— Goal of the exercise —
Only the text carries over: repeat the records exactly and drop the images.
--- START ---
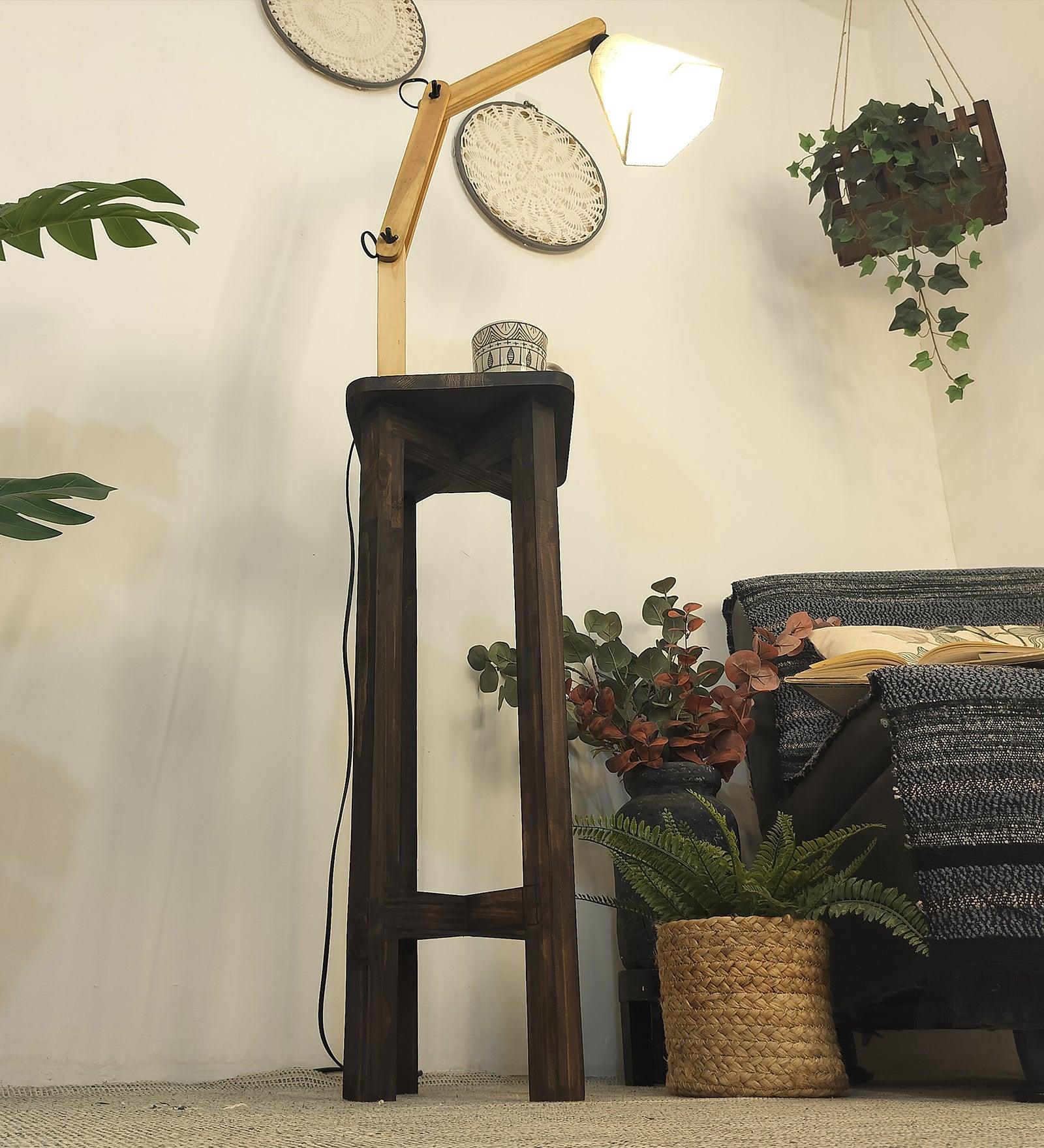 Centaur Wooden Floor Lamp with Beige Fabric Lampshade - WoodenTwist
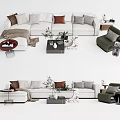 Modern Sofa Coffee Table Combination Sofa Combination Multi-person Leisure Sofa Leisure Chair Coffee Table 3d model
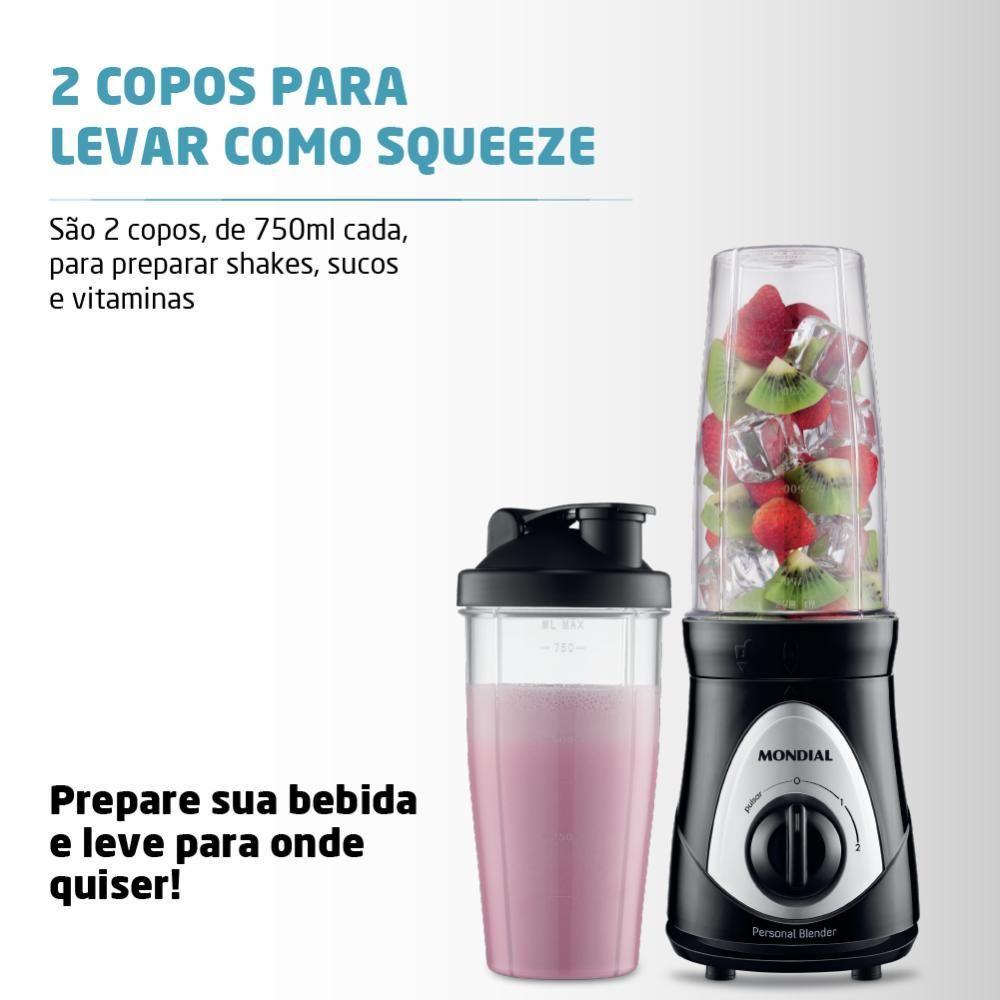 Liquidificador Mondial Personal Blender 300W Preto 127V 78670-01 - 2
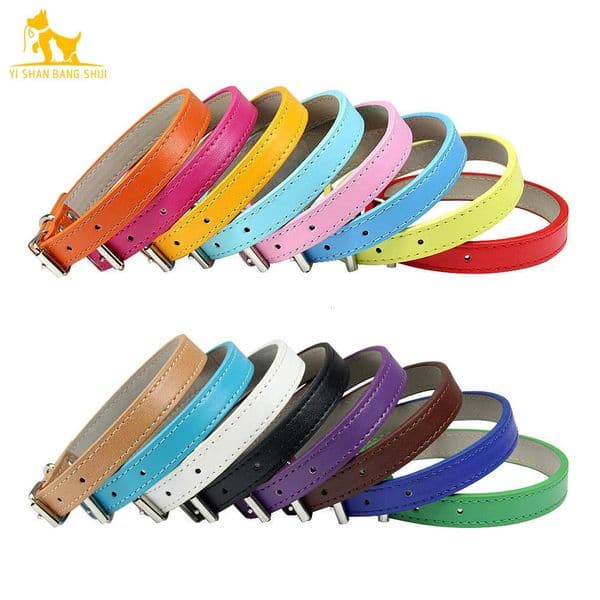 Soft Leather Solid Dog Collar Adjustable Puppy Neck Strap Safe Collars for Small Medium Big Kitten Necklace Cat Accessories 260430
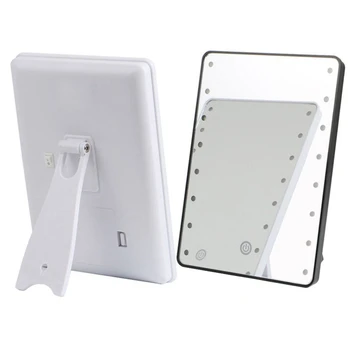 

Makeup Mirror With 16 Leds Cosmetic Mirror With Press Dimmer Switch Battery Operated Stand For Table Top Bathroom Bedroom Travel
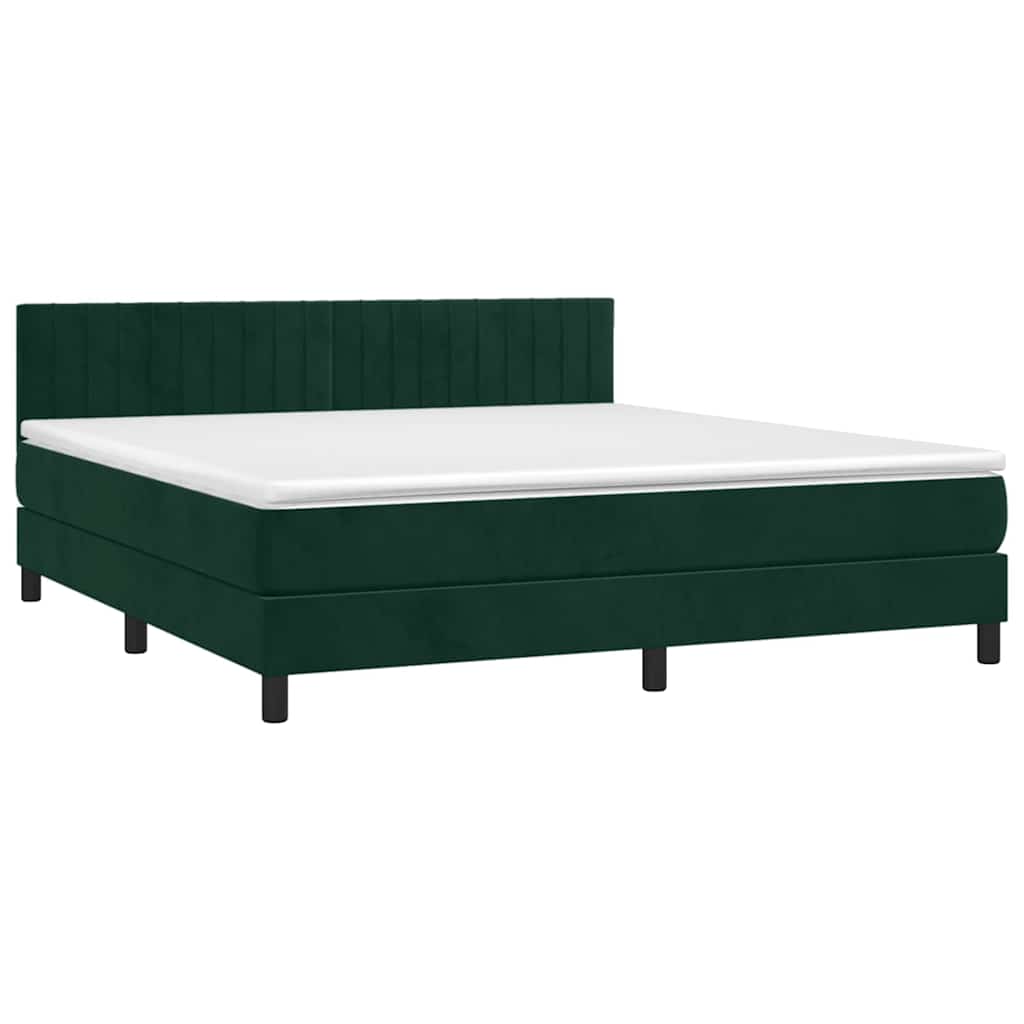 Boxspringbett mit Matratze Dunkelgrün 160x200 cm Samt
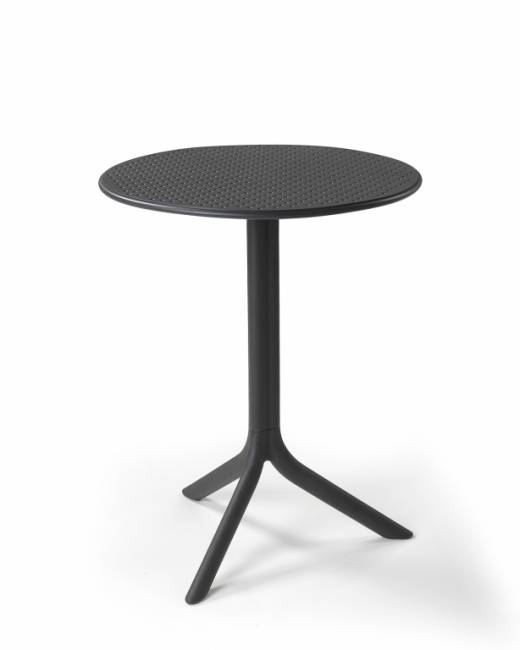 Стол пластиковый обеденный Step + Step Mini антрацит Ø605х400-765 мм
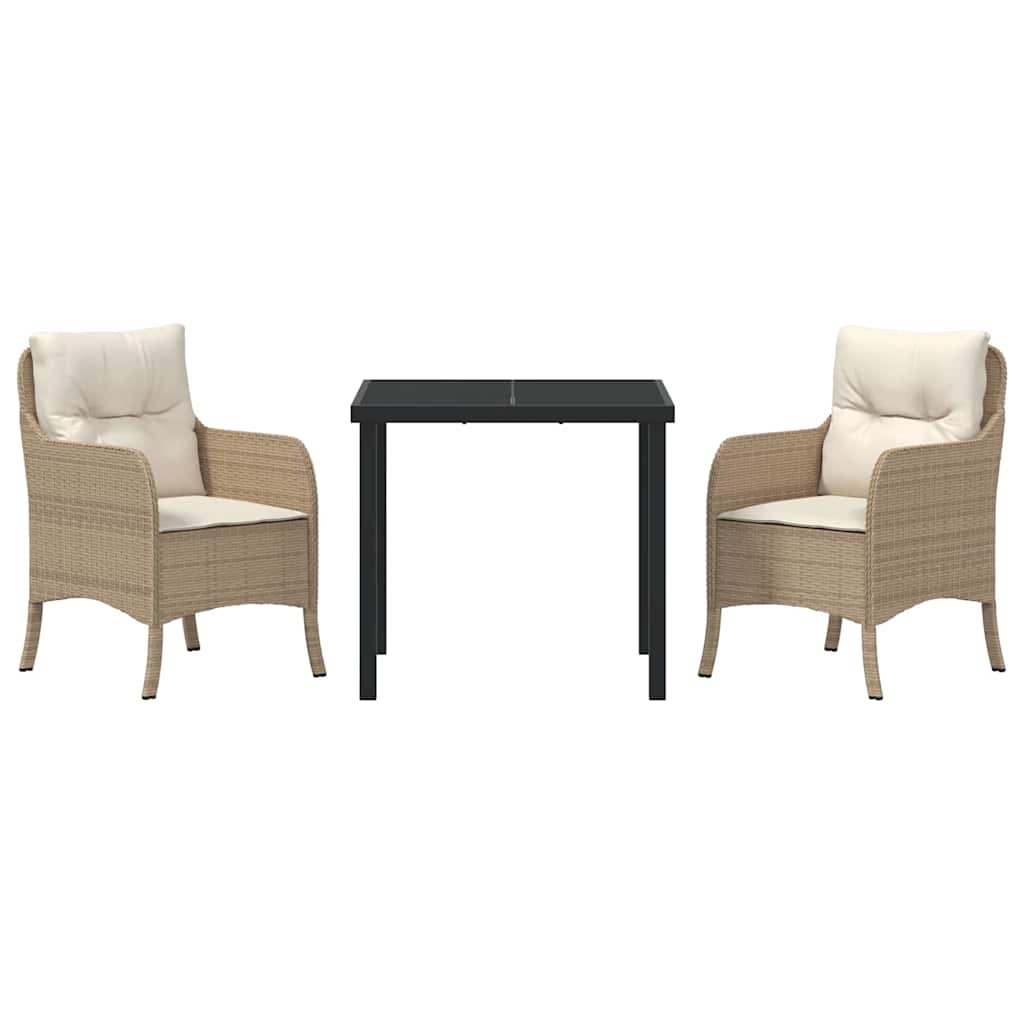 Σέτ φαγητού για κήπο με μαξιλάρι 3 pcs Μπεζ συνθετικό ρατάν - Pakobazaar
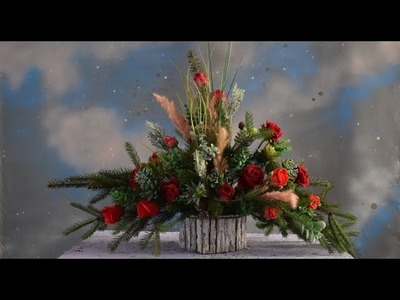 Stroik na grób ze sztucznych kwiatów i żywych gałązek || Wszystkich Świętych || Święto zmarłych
--- END ---
— Exercise result —
 Centaur Wooden Floor Lamp with Beige Fabric Lampshade - WoodenTwist
 Modern Sofa Coffee Table Combination Sofa Combination Multi-person Leisure Sofa Leisure Chair Coffee Table 3d model
 Liquidificador Mondial Personal Blender 300W Preto 127V 78670-01 - 2
 Soft Leather Solid Dog Collar Adjustable Puppy Neck Strap Safe Collars for Small Medium Big Kitten Necklace Cat Accessories 260430

Makeup Mirror With 16 Leds Cosmetic Mirror With Press Dimmer Switch Battery Operated Stand For Table Top Bathroom Bedroom Travel
 Boxspringbett mit Matratze Dunkelgrün 160x200 cm Samt
 Стол пластиковый обеденный Step + Step Mini антрацит Ø605х400-765 мм
 Σέτ φαγητού για κήπο με μαξιλάρι 3 pcs Μπεζ συνθετικό ρατάν - Pakobazaar
 Stroik na grób ze sztucznych kwiatów i żywych gałązek || Wszystkich Świętych || Święto zmarłych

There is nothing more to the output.